Nov. 3 (Bloomberg) -- Eli Lilly & Co. didn’t properly warn a patient who took its Zyprexa antipsychotic medication of diabetes risks and the young man died, a lawyer for his family told a jury in the first case to go to trial over the drug.
Cody Tadai, a 20-year-old college student, took Zyprexa to battle mental illness without either him, or his doctor, being properly advised about the drug’s link to diabetes, Ronald Makarem, a Los Angeles-based lawyer, said in closing arguments in the trial of a lawsuit filed by members of Tadai’s family. They contend the student died of diabetes-related ailments in March 2007 and that the drugmaker put profits ahead of the safety of Zyprexa users.
“They chose money over safety,” Makarem told jurors in state court in Los Angeles yesterday. A verdict on behalf of Tadai’s family would remind Lilly executives to ensure “safety comes first and money second,” he added.
Indianapolis-based Lilly, which lost patent protection on Zyprexa last month, has paid out about $2.9 billion to resolve government and individual claims over its marketing of the antipsychotic drug.

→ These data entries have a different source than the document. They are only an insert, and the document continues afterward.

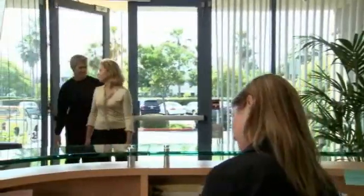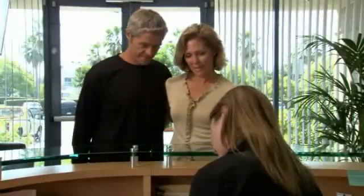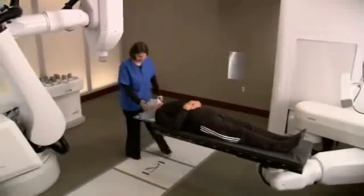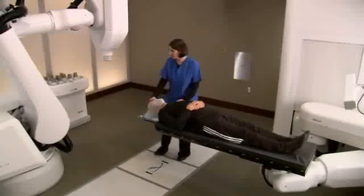For most patients, the CyberKnife treatment is a completely pain-free experience. You can dress comfortably in street clothes, and your center may allow you to bring music to listen to during the treatment. When it's time for your treatment, you will lie down on the treatment table while your custom-fitted face mask is secured into place.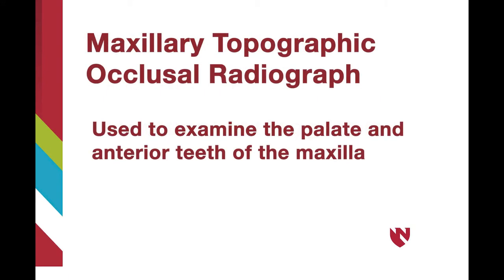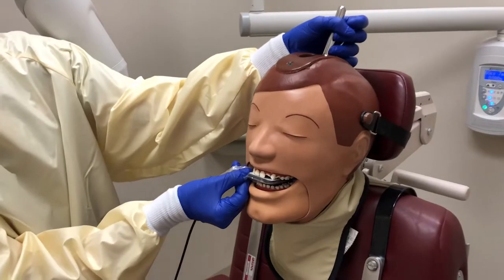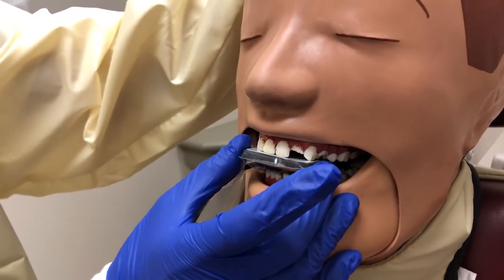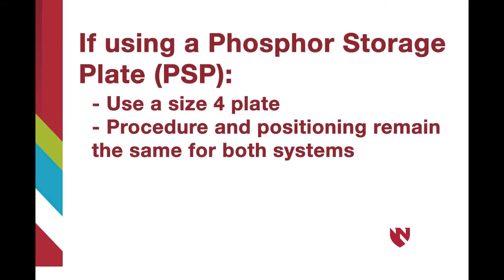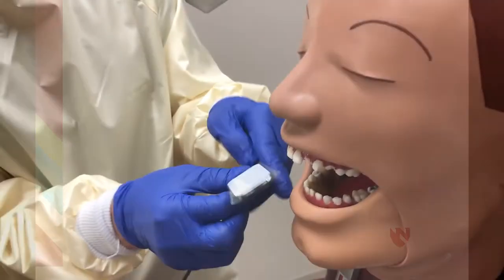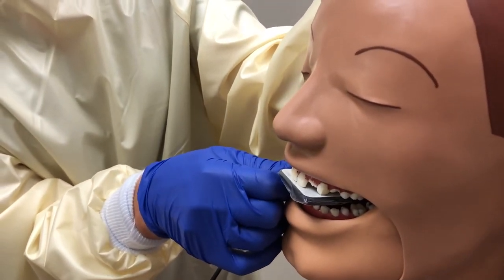The first demonstration will be the maxillary topographic occlusal projection. A maxillary topographic occlusal radiograph is used to examine the palate and anterior teeth of the maxilla. Start by positioning the patient with their maxillary arch parallel to the floor. For adult patients, use a size 2 sensor and place it in the patient's mouth with the tube side facing the maxilla. If you are using phosphor storage plates, a size 4 plate is available for an occlusal radiograph.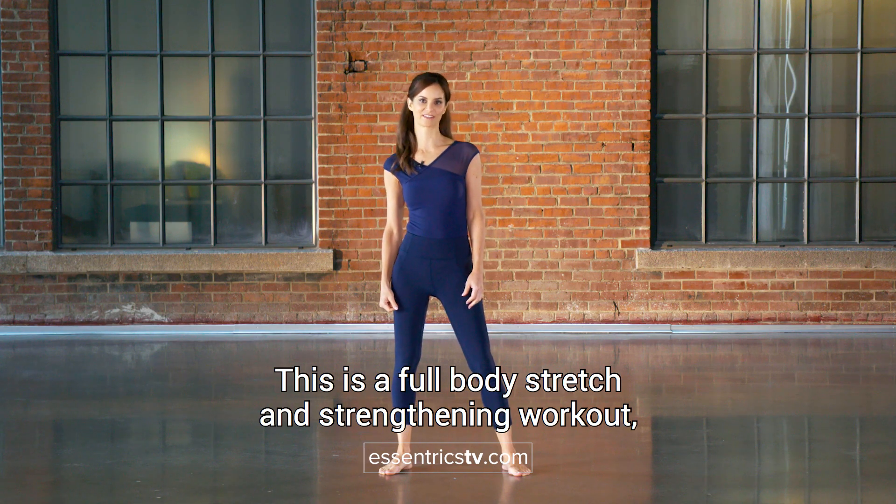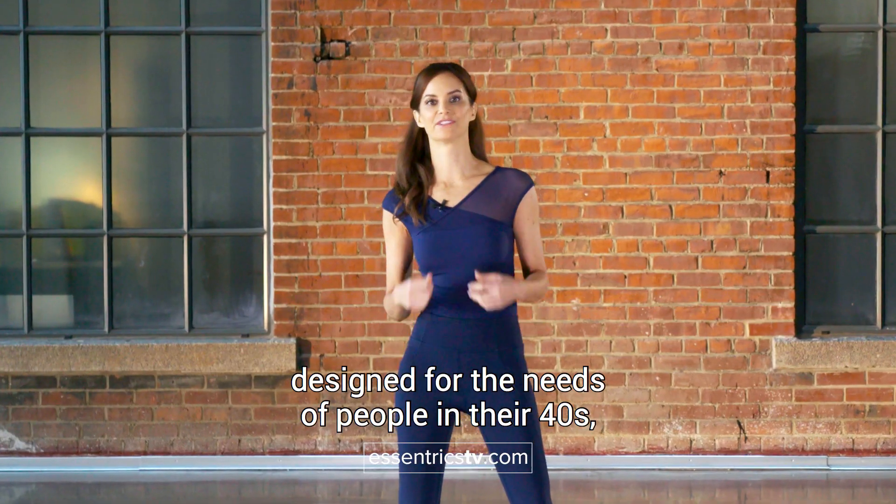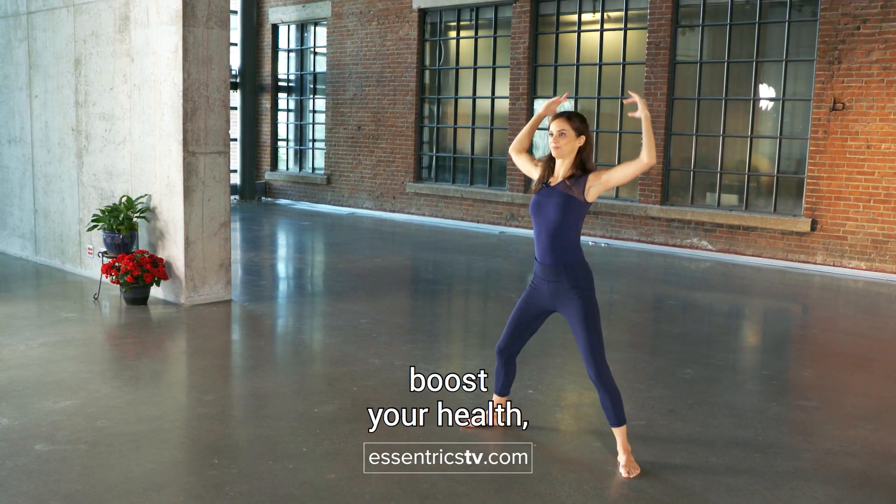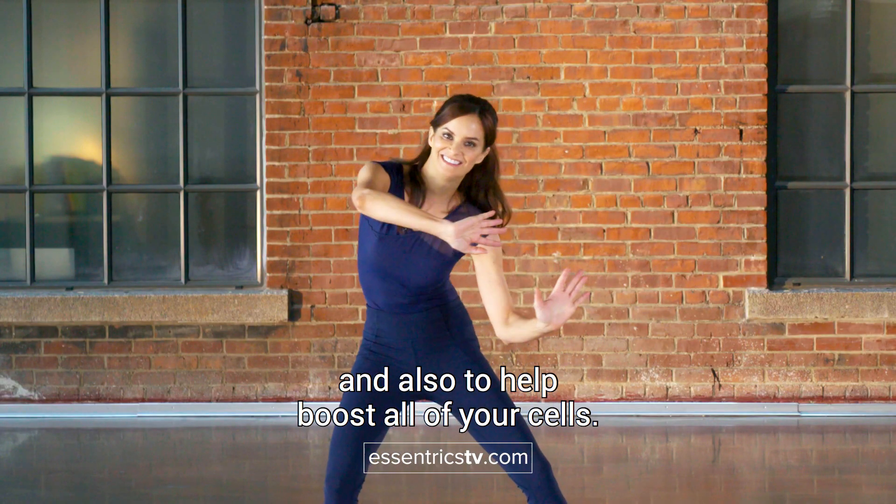This is a full body stretch and strengthening workout designed for the needs of people in their 40s like myself, to help tone your body, boost your health, and also to help boost all of your cells.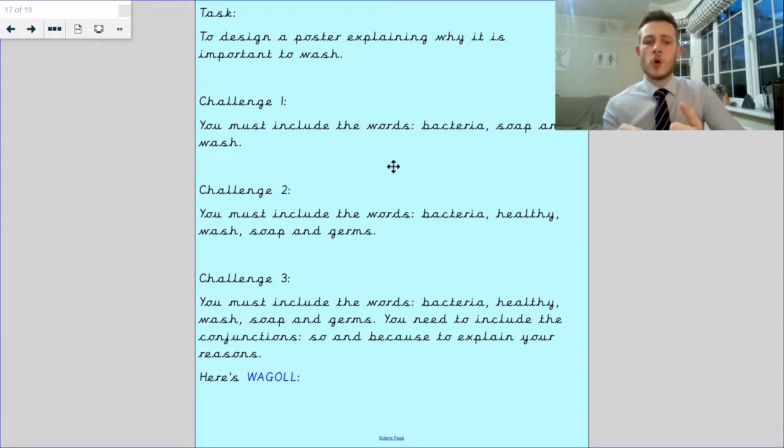If you're a challenge one, I want you to include the words bacteria, soap, and wash. If you're a challenge two, I want you to include the words bacteria, healthy, wash, soap, and germs. If you're a challenge three, you must include the words bacteria, healthy, soap, and germs, but you also need to include conjunctions — so and because — to explain your reasons.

Lilly agreed in 2009 to pay $1.42 billion to settle federal prosecutors’ allegations that it illegally marketed Zyprexa for unapproved uses. The drugmaker also agreed to pay more than $260 million to resolve similar state claims. The company also has agreed to pay more than $1.2 billion to settle about 31,000 suits by former users of the drug.
Stefanie Prodouz, a Lilly spokeswoman, declined to comment yesterday on why the drugmaker decided to make the Tadai family’s Zyprexa suit the first to go to trial after more than eight years of litigation over the medication. The drug was Lilly’s top seller last year, racking up more than $5 billion in sales.
The drugmaker still faces about 40 Zyprexa suits that include claims from about 110 former users of the drug, Lilly executives said in an Oct. 28 U.S. Securities and Exchange Commission filing.
Tadai’s family contends Lilly officials withheld information about the side effects of Zyprexa, such as diabetes and weight gain, and encouraged sales of the drug for unapproved, or off-label, purposes.
They also contend Lilly trained its sales force to “neutralize” any questions or concerns about Zyprexa’s links to weight gain or diabetes in users and to tout its superiority to competing drugs that required blood monitoring.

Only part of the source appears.